### Task
Should any entry seem unclear, still set it down exactly as given, along with all the others.

######

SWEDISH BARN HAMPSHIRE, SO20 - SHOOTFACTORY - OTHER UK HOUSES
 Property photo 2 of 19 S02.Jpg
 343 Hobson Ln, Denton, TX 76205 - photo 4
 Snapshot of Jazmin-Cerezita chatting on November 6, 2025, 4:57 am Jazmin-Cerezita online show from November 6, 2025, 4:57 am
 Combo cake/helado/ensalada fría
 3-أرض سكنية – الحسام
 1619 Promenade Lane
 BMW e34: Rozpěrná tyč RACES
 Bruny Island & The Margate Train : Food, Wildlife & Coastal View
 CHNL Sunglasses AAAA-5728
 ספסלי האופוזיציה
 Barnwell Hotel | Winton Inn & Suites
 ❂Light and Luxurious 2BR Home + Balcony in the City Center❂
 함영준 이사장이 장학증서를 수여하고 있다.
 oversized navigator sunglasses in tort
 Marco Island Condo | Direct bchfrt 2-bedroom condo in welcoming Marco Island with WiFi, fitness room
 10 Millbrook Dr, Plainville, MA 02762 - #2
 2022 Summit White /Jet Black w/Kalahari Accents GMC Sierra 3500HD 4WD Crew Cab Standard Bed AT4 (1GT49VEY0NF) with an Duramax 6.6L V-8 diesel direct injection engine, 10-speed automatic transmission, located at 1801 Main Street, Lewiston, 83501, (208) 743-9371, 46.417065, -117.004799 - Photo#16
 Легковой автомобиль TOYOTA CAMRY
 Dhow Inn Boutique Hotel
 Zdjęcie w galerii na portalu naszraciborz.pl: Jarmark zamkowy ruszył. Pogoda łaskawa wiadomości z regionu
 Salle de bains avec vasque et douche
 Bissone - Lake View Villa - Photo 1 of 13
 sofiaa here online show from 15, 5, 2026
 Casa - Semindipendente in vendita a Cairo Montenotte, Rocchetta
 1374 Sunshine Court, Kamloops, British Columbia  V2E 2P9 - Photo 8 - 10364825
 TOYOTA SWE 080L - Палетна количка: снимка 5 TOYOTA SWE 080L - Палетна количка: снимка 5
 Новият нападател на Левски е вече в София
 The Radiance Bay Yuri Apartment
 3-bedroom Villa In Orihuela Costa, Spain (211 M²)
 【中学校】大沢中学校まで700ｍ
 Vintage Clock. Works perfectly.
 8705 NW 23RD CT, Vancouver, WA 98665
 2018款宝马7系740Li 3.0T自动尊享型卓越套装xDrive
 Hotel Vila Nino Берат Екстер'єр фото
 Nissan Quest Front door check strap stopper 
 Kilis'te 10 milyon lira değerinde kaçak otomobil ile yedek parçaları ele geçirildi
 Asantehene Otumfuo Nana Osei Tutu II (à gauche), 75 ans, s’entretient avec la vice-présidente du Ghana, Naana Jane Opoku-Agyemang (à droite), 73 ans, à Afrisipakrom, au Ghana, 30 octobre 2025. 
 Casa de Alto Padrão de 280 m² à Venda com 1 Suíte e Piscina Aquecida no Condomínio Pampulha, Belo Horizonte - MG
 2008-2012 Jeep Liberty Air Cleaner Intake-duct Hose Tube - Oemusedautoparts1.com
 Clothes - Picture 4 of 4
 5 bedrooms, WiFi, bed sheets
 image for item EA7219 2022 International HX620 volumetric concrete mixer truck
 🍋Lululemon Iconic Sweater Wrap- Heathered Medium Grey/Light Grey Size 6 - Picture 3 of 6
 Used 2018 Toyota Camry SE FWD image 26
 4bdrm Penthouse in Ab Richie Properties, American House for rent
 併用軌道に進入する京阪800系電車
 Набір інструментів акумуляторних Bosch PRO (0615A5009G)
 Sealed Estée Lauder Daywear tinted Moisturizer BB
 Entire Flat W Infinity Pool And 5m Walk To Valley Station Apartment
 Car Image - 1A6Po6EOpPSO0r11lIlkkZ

######

### Response area
SWEDISH BARN HAMPSHIRE, SO20 - SHOOTFACTORY - OTHER UK HOUSES
 Property photo 2 of 19 S02.Jpg
 343 Hobson Ln, Denton, TX 76205 - photo 4
 Snapshot of Jazmin-Cerezita chatting on November 6, 2025, 4:57 am Jazmin-Cerezita online show from November 6, 2025, 4:57 am
 Combo cake/helado/ensalada fría
 3-أرض سكنية – الحسام
 1619 Promenade Lane
 BMW e34: Rozpěrná tyč RACES
 Bruny Island & The Margate Train : Food, Wildlife & Coastal View
 CHNL Sunglasses AAAA-5728
 ספסלי האופוזיציה
 Barnwell Hotel | Winton Inn & Suites
 ❂Light and Luxurious 2BR Home + Balcony in the City Center❂
 함영준 이사장이 장학증서를 수여하고 있다.
 oversized navigator sunglasses in tort
 Marco Island Condo | Direct bchfrt 2-bedroom condo in welcoming Marco Island with WiFi, fitness room
 10 Millbrook Dr, Plainville, MA 02762 - #2
 2022 Summit White /Jet Black w/Kalahari Accents GMC Sierra 3500HD 4WD Crew Cab Standard Bed AT4 (1GT49VEY0NF) with an Duramax 6.6L V-8 diesel direct injection engine, 10-speed automatic transmission, located at 1801 Main Street, Lewiston, 83501, (208) 743-9371, 46.417065, -117.004799 - Photo#16
 Легковой автомобиль TOYOTA CAMRY
 Dhow Inn Boutique Hotel
 Zdjęcie w galerii na portalu naszraciborz.pl: Jarmark zamkowy ruszył. Pogoda łaskawa wiadomości z regionu
 Salle de bains avec vasque et douche
 Bissone - Lake View Villa - Photo 1 of 13
 sofiaa here online show from 15, 5, 2026
 Casa - Semindipendente in vendita a Cairo Montenotte, Rocchetta
 1374 Sunshine Court, Kamloops, British Columbia  V2E 2P9 - Photo 8 - 10364825
 TOYOTA SWE 080L - Палетна количка: снимка 5 TOYOTA SWE 080L - Палетна количка: снимка 5
 Новият нападател на Левски е вече в София
 The Radiance Bay Yuri Apartment
 3-bedroom Villa In Orihuela Costa, Spain (211 M²)
 【中学校】大沢中学校まで700ｍ
 Vintage Clock. Works perfectly.
 8705 NW 23RD CT, Vancouver, WA 98665
 2018款宝马7系740Li 3.0T自动尊享型卓越套装xDrive
 Hotel Vila Nino Берат Екстер'єр фото
 Nissan Quest Front door check strap stopper 
 Kilis'te 10 milyon lira değerinde kaçak otomobil ile yedek parçaları ele geçirildi
 Asantehene Otumfuo Nana Osei Tutu II (à gauche), 75 ans, s’entretient avec la vice-présidente du Ghana, Naana Jane Opoku-Agyemang (à droite), 73 ans, à Afrisipakrom, au Ghana, 30 octobre 2025. 
 Casa de Alto Padrão de 280 m² à Venda com 1 Suíte e Piscina Aquecida no Condomínio Pampulha, Belo Horizonte - MG
 2008-2012 Jeep Liberty Air Cleaner Intake-duct Hose Tube - Oemusedautoparts1.com
 Clothes - Picture 4 of 4
 5 bedrooms, WiFi, bed sheets
 image for item EA7219 2022 International HX620 volumetric concrete mixer truck
 🍋Lululemon Iconic Sweater Wrap- Heathered Medium Grey/Light Grey Size 6 - Picture 3 of 6
 Used 2018 Toyota Camry SE FWD image 26
 4bdrm Penthouse in Ab Richie Properties, American House for rent
 併用軌道に進入する京阪800系電車
 Набір інструментів акумуляторних Bosch PRO (0615A5009G)
 Sealed Estée Lauder Daywear tinted Moisturizer BB
 Entire Flat W Infinity Pool And 5m Walk To Valley Station Apartment
 Car Image - 1A6Po6EOpPSO0r11lIlkkZ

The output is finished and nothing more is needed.